Take in the absolute ethyl alcohol that 10g or so polymer emulsions are added dropwise in about 300ml stirrings, there are a large amount of white solids Separate out, suction filtration drying much filtrate after standing a few hours, it is 32.5% to be measured with weight method and can separate out solid content; Emulsion is directly used into total salinity 180000mg/L (wherein Ca2++Mg2+Salt solution 5000mg/L) is made into 0.15% Solution, stirring several minutes can obtain homogeneous solution, at 90 DEG C use Brookfield viscometer, shear rate 7.34s-1 Under the apparent viscosity that measures be 39mPas, 90 DEG C of viscosity retention ratios after aging 30 days are 91.8%.
【Embodiment 2】
In a kettle. first add 190g hexamethylenes, 28g Span80,3.2g Tween80, HLB value=5.4 are stirred Mix to being mixed thoroughly, control temperature in the kettle for 21 DEG C, speed of agitator is 200rpm.In other container First add 162g deionized waters, disodium ethylene diamine tetraacetate (EDTA) 0.16g, 2- acrylamido -2- methyl-props Sulfonic acid (AMPS) 42g, acrylamide (AM) 148g, hexadecyldimethyl benzyl ammonium allyl ammonium chloride 1.2g, Stirring to being mixed thoroughly, with being neutralized with the equimolar NaOH of AMPS (NaOH) and by pH 7 are adjusted to, the trade mark are added for polyvinyl alcohol (PVA) 1.26g of 1788 (molecular weight about 80000) and is stirred extremely It is mixed thoroughly standby as aqueous phase solution.During this solution slowly put into reactor, stirring is increased to rotating speed 1000rpm emulsifies 30min, and rotating speed then is down into 300rpm, first instills the ammonium persulfate that concentration is 10% (APS) 1% sodium hydrogensulfite (MBS) aqueous solution 19.8g is slowly dropped into after aqueous solution 3.2g, 5min, this During reaction temperature be raised slowly to 52 DEG C, bath temperature is risen into 50 DEG C carries out insulation reaction, goes out after 5 hours Material, product is White-opalescent emulsion form system, can stablize and deposit more than half a year.

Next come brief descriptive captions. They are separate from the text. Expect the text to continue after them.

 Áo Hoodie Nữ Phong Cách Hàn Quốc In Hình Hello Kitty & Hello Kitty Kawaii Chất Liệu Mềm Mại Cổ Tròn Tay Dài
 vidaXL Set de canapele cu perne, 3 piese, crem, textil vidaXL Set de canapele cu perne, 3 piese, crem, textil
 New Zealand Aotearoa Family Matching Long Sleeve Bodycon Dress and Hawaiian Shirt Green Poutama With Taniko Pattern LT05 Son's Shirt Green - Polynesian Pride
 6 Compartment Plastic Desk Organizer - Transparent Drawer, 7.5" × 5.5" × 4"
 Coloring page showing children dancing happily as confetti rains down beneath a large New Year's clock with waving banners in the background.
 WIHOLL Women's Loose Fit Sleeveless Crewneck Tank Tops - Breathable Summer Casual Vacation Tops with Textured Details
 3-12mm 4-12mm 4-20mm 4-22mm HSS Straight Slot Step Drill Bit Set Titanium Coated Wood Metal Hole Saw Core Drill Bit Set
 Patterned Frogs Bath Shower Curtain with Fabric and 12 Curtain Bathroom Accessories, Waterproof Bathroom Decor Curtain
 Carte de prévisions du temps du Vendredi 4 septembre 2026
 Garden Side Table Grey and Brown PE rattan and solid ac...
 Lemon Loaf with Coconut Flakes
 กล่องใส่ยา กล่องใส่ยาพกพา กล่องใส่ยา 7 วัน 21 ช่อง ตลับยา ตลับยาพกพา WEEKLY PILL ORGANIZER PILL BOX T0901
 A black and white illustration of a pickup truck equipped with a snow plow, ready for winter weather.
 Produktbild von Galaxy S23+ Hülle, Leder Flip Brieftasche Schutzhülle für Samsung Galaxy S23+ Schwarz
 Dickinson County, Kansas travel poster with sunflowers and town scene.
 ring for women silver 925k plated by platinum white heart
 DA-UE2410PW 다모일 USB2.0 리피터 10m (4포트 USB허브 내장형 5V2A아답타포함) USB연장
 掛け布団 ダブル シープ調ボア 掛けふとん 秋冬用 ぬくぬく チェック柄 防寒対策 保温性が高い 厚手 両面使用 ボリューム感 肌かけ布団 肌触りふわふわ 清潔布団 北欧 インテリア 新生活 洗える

Take in the absolute ethyl alcohol that 10g or so polymer emulsions are added dropwise in about 300ml stirrings, there are a large amount of white solids Separate out, suction filtration drying much filtrate after standing a few hours, it is 31.8% to be measured with weight method and can separate out solid content; Emulsion is directly used into total salinity 180000mg/L (wherein Ca2++Mg2+Salt solution 5000mg/L) is made into 0.15% Solution, stirring several minutes can obtain homogeneous solution, at 90 DEG C use Brookfield viscometer, shear rate 7.34s-1 Under the apparent viscosity that measures be 36mPas, 90 DEG C of viscosity retention ratios after aging 30 days are 93.2%.
【Embodiment 3】
In a kettle. first add 180g120 solvent naphthas, 26g Span85,4.2g Tween80, HLB value=5.8, Stirring controls temperature in the kettle for 21 DEG C to being mixed thoroughly, and speed of agitator is 200rpm.In other container It is middle first to add 172g deionized waters, disodium ethylene diamine tetraacetate (EDTA) 0.16g, 2- acrylamido -2- methyl Propane sulfonic acid (AMPS) 52g, acrylamide (AM) 178g, 2- acrylamido myristyl sodium sulfonate 1.6g, Stirring to being mixed thoroughly, with being neutralized with the equimolar NaOH of AMPS (NaOH) and by pH 7 are adjusted to, PVP (PVP) 1.1g that the trade mark is K60 (molecular weight about 200000) is added And stir standby as aqueous phase solution to being mixed thoroughly.During this solution slowly put into reactor, stirring is risen Up to rotating speed 1000rpm emulsifies 30min, and rotating speed then is down into 300rpm, first instills the mistake that concentration is 10% 1% sodium hydrogensulfite (MBS) aqueous solution 13.5g is slowly dropped into after ammonium sulfate (APS) aqueous solution 4.7g, 5min, Reaction temperature is raised slowly to 62 DEG C during this, and bath temperature is risen into 60 DEG C carries out insulation reaction, after 5 hours Discharging, product is White-opalescent emulsion form system, can stablize and deposit more than half a year.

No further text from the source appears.